Wise Friend,
Last night I had a strange dream. I was with my ex-husband (both of us looking much younger), and I was trying to rekindle our broken marriage. I was seductive and trying to be endearing while talking. He responded to that. How? I can’t remember. Nothing extreme.
Then the dream moved towards a public space, and for some reason at that moment I understood my ex-husband was cheating me with a woman who happened to be there. In the dream, I knew she had been trying for a long while to seduce him.
I approached them, and I talked angrily to both, telling her she should be ashamed and stop immediately.
Another scene followed. I saw the same woman again, looking very religious and wearing a wig. I pulled her wig off the head, wanting to shame her in public. While dreaming, a thought crossed my mind they could sue me for this. That made me turn to him, and I told him I was leaving him and this time it was for good.
It was very intense. I woke up, and then I thought about Jungians, and post-Jungians, Gestalt, psychotherapists, and psychoanalysts. What a golden dream for them to explain all these mysteries of my probably turbulent soul, the hidden unknown of me to me.
Imagine Gestalt—me wanting to be a good wife and loving, the seductress and the one getting angry and violent, me the religious and both getting mad at myself. Funny, I believe none of this is true.
My Sweet Friend,
Years ago, I attended some Gestalt workshops as the trends demanded of us, and brought in my dreams to share at workshops. I felt so ridiculous in front of the therapist and others.
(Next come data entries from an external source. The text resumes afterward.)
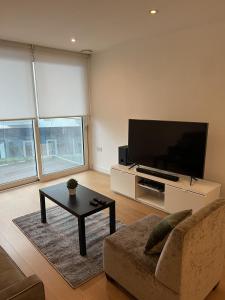 a living room with a tv and a couch and a table at Luxurious 1 Bedroom Apartment In Croydon in Croydon
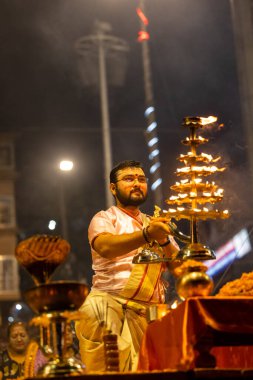 Varanasi, Uttar Pradesh, Hindistan - Kasım 2022: Ganga aarti, genç bir rahibin portresi Daswamedh ghat 'ta akşam üzeri sanatan hindu ayinleriyle geleneksel elbise içinde nehir çetelerini icra ediyor..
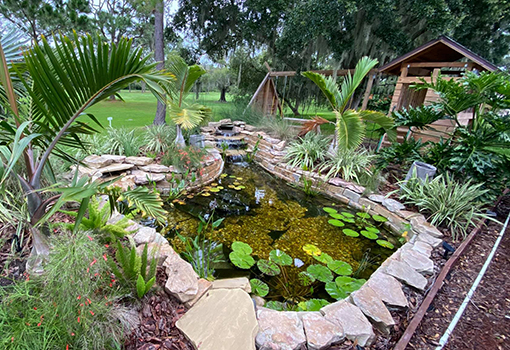 Beautiful Water Feature Installed by a Landscaping Company on a Commercial Lot in Wesley Chapel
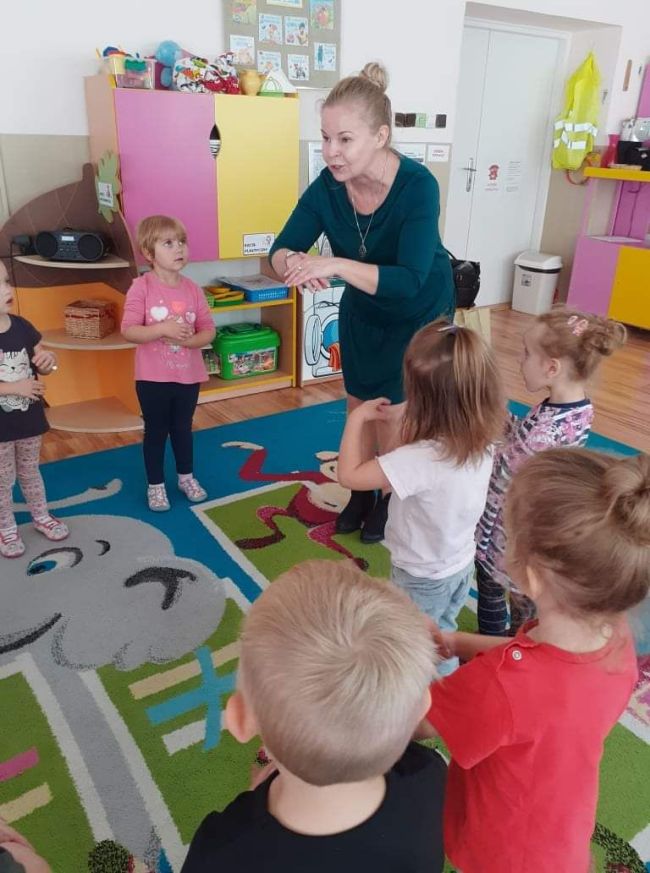 Nauczyciel prowadzi zabawę ruchową, dzieci naśladują jego gesty.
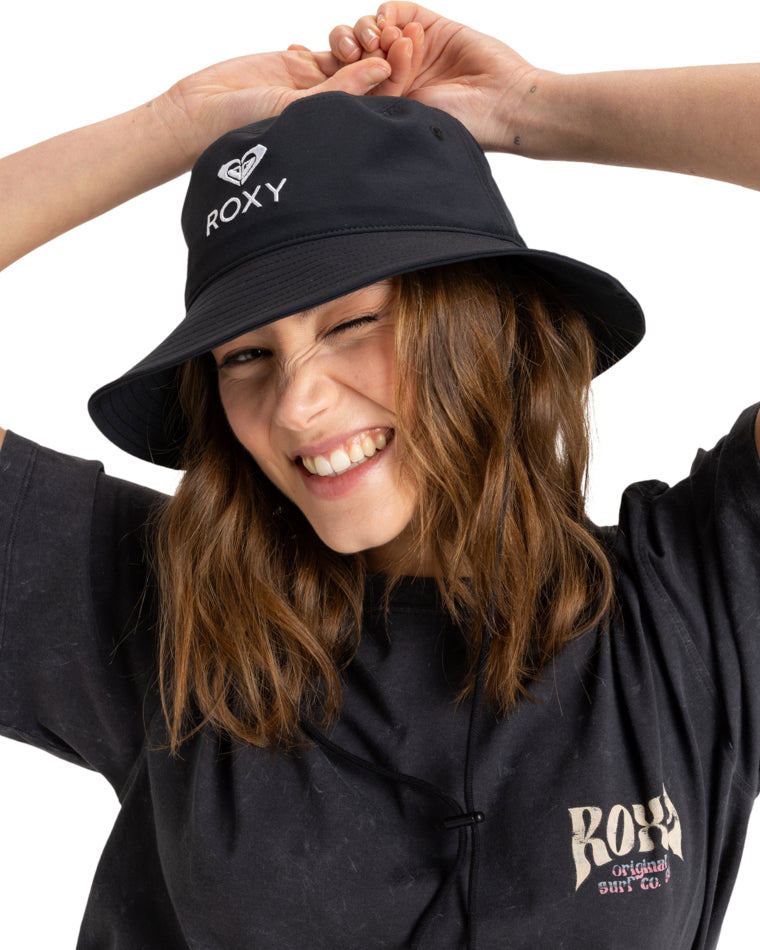 Woman wearing black Roxy bucket hat and smiling with hands raised.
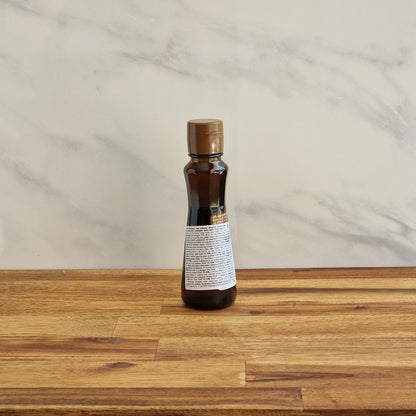 Bouteille d'huile de sésame grillé Ofood, petit format de 160ml, vu de dos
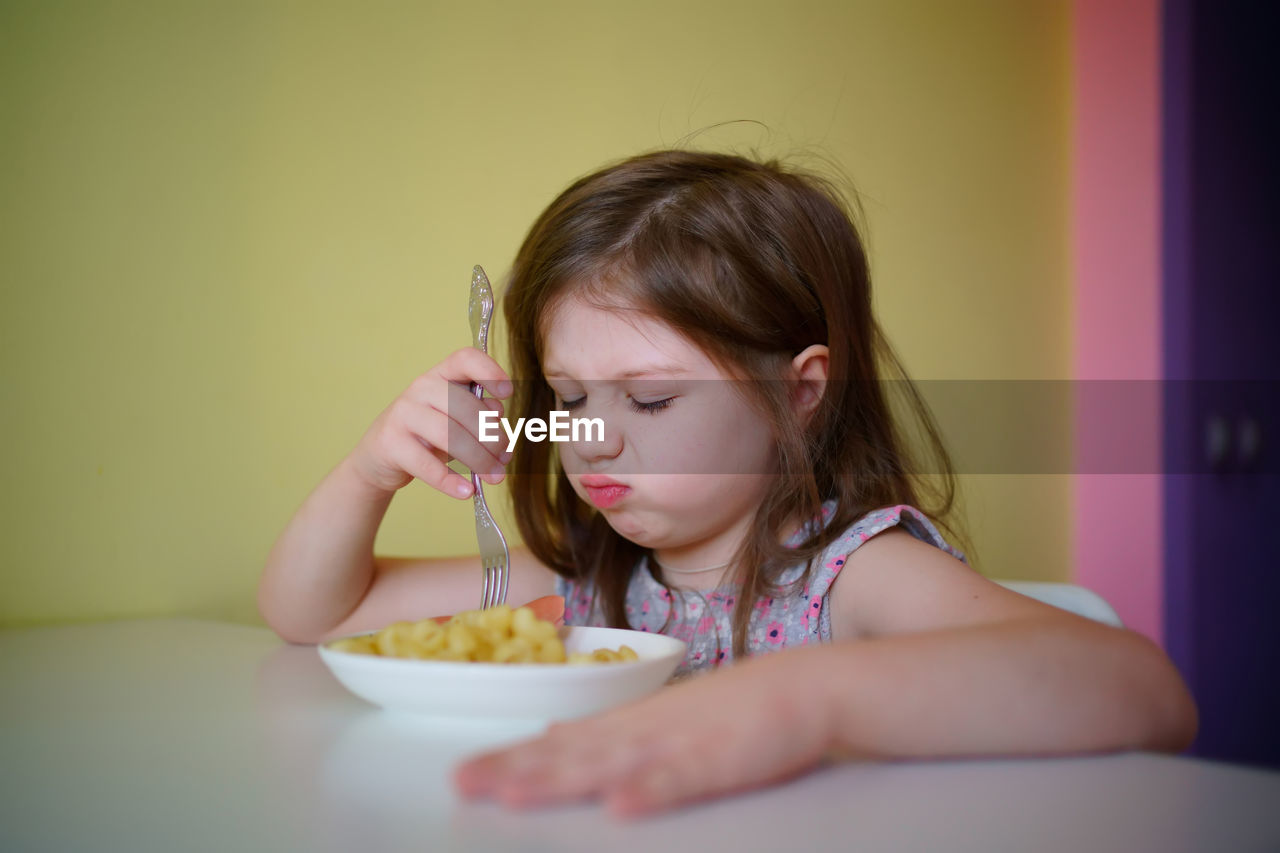 The little girl does not want to eat. selective focus, shallow depth of field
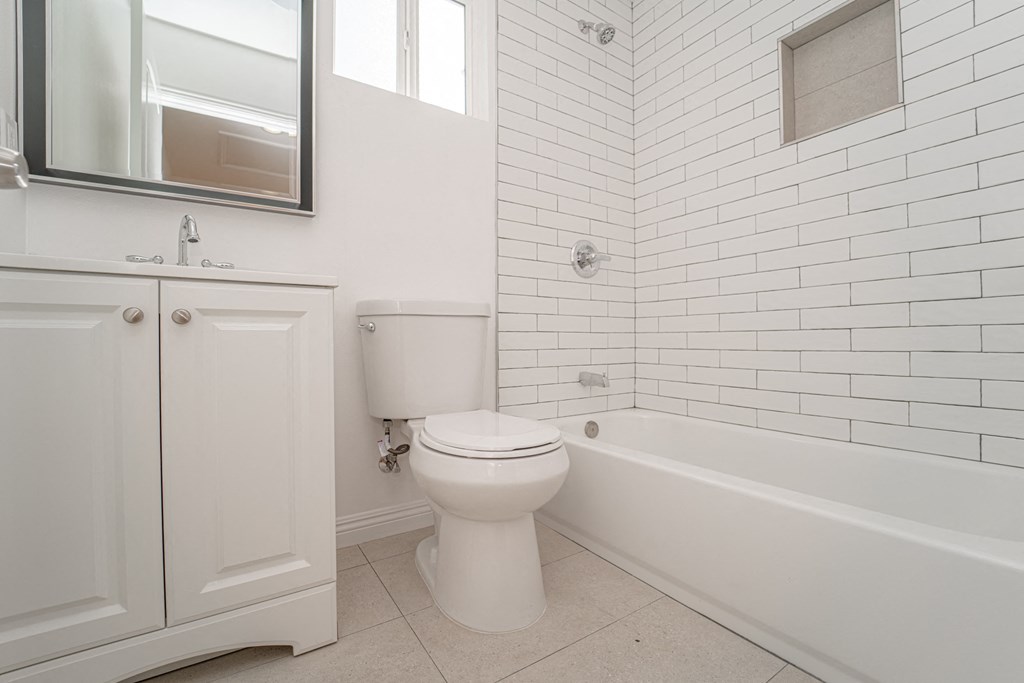 a white bathroom with a toilet and a bath tub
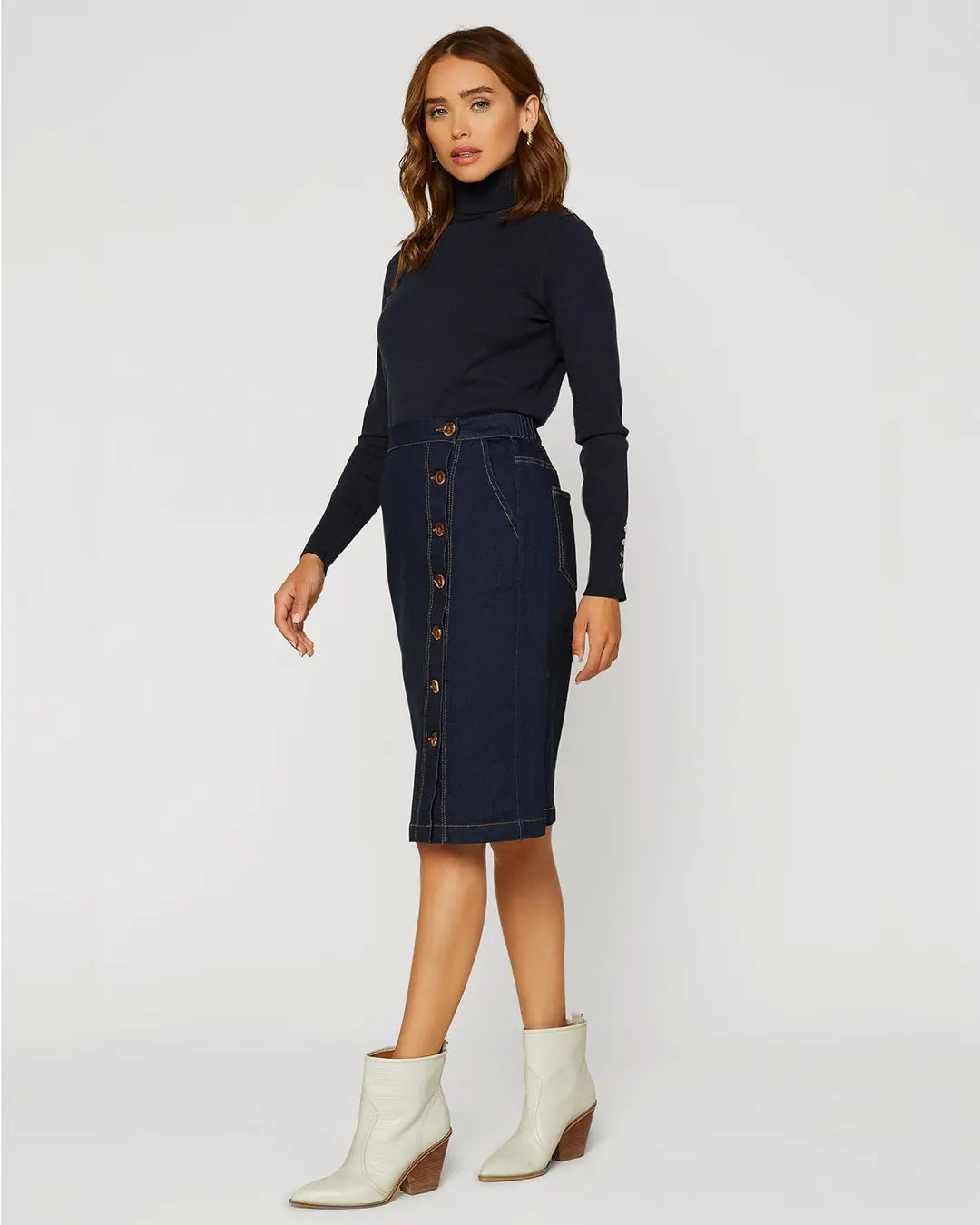 A dark denim skirt is a classic piece that you can wear season after season. This version is especially lustworthy in a curve-enhancing silhouette with a trail of buttons down the front. Wear it with your favorite tee or tank when it’s warm out, then add a cozy sweater when the temperature drops.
I felt embarrassed when others went through their exercises; for them and for myself being there.
I couldn’t accept I was the street on which I was while dreaming, the tree at the corner, the grass in the meadow and the meadow itself, the table in the room, the six chairs upside down. After that, I read so much about dreams, and I can’t agree with anybody. I quickly, carelessly, developed a theory of mine, never shared.
We let our imagination run amok during the day, and we try to control it, while awake.
At night, while we sleep, we have little say and we are too relaxed even if in our dreams we are agitated.
Certainly, the dreams represent us. However, a lot of the details happen as we see others. I refuse to accept that every aspect is part of who we are, though they result from our mind combining our perceptions of what others did and our imagination in a sleeping state.
Wise Friend,
Indeed, we daydream. Do they Gestalt daydreaming? Why not?
My Sweet Friend,
What have you unleashed?
Wise Friend,
A new stream of income? A new frenzy of workshops?